Exercise aim: Whatever the records hold, copy it exactly and completely.

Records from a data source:
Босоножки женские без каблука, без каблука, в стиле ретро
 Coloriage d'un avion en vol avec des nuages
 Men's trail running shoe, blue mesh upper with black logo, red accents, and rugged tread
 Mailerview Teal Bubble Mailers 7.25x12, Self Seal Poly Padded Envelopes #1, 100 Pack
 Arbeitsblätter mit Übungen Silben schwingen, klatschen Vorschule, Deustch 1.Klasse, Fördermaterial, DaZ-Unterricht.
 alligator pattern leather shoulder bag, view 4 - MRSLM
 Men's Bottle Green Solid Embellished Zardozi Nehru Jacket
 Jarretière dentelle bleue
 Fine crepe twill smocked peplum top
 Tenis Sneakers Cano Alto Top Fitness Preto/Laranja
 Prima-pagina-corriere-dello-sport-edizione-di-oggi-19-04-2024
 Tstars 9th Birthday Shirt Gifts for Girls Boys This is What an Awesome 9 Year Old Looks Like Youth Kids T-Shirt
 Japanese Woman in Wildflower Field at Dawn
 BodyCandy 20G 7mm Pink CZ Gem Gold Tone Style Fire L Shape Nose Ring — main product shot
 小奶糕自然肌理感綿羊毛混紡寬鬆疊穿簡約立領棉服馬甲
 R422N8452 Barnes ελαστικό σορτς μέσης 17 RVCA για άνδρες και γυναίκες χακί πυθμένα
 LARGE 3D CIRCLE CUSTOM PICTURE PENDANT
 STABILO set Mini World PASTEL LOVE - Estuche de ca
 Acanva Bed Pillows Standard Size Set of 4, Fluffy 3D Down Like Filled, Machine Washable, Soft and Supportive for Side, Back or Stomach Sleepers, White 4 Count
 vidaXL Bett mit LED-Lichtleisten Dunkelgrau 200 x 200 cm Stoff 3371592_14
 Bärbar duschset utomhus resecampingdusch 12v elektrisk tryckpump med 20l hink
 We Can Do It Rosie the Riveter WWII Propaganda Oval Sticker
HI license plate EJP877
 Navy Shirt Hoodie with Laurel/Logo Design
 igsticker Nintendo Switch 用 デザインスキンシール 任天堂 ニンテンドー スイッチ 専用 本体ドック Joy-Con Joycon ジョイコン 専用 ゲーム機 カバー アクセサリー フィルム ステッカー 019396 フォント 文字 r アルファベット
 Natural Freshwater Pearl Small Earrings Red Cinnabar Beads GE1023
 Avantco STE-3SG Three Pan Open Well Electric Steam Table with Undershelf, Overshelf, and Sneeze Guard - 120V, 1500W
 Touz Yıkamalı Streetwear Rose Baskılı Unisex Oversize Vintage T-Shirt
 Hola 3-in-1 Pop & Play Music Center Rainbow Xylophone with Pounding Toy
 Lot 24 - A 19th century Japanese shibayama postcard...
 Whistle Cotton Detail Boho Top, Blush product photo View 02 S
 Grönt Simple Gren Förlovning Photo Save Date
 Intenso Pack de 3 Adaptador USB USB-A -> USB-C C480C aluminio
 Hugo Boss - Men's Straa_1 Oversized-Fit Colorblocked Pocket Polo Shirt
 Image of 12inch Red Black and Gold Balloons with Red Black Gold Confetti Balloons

Problem solution:
Босоножки женские без каблука, без каблука, в стиле ретро
 Coloriage d'un avion en vol avec des nuages
 Men's trail running shoe, blue mesh upper with black logo, red accents, and rugged tread
 Mailerview Teal Bubble Mailers 7.25x12, Self Seal Poly Padded Envelopes #1, 100 Pack
 Arbeitsblätter mit Übungen Silben schwingen, klatschen Vorschule, Deustch 1.Klasse, Fördermaterial, DaZ-Unterricht.
 alligator pattern leather shoulder bag, view 4 - MRSLM
 Men's Bottle Green Solid Embellished Zardozi Nehru Jacket
 Jarretière dentelle bleue
 Fine crepe twill smocked peplum top
 Tenis Sneakers Cano Alto Top Fitness Preto/Laranja
 Prima-pagina-corriere-dello-sport-edizione-di-oggi-19-04-2024
 Tstars 9th Birthday Shirt Gifts for Girls Boys This is What an Awesome 9 Year Old Looks Like Youth Kids T-Shirt
 Japanese Woman in Wildflower Field at Dawn
 BodyCandy 20G 7mm Pink CZ Gem Gold Tone Style Fire L Shape Nose Ring — main product shot
 小奶糕自然肌理感綿羊毛混紡寬鬆疊穿簡約立領棉服馬甲
 R422N8452 Barnes ελαστικό σορτς μέσης 17 RVCA για άνδρες και γυναίκες χακί πυθμένα
 LARGE 3D CIRCLE CUSTOM PICTURE PENDANT
 STABILO set Mini World PASTEL LOVE - Estuche de ca
 Acanva Bed Pillows Standard Size Set of 4, Fluffy 3D Down Like Filled, Machine Washable, Soft and Supportive for Side, Back or Stomach Sleepers, White 4 Count
 vidaXL Bett mit LED-Lichtleisten Dunkelgrau 200 x 200 cm Stoff 3371592_14
 Bärbar duschset utomhus resecampingdusch 12v elektrisk tryckpump med 20l hink
 We Can Do It Rosie the Riveter WWII Propaganda Oval Sticker
HI license plate EJP877
 Navy Shirt Hoodie with Laurel/Logo Design
 igsticker Nintendo Switch 用 デザインスキンシール 任天堂 ニンテンドー スイッチ 専用 本体ドック Joy-Con Joycon ジョイコン 専用 ゲーム機 カバー アクセサリー フィルム ステッカー 019396 フォント 文字 r アルファベット
 Natural Freshwater Pearl Small Earrings Red Cinnabar Beads GE1023
 Avantco STE-3SG Three Pan Open Well Electric Steam Table with Undershelf, Overshelf, and Sneeze Guard - 120V, 1500W
 Touz Yıkamalı Streetwear Rose Baskılı Unisex Oversize Vintage T-Shirt
 Hola 3-in-1 Pop & Play Music Center Rainbow Xylophone with Pounding Toy
 Lot 24 - A 19th century Japanese shibayama postcard...
 Whistle Cotton Detail Boho Top, Blush product photo View 02 S
 Grönt Simple Gren Förlovning Photo Save Date
 Intenso Pack de 3 Adaptador USB USB-A -> USB-C C480C aluminio
 Hugo Boss - Men's Straa_1 Oversized-Fit Colorblocked Pocket Polo Shirt
 Image of 12inch Red Black and Gold Balloons with Red Black Gold Confetti Balloons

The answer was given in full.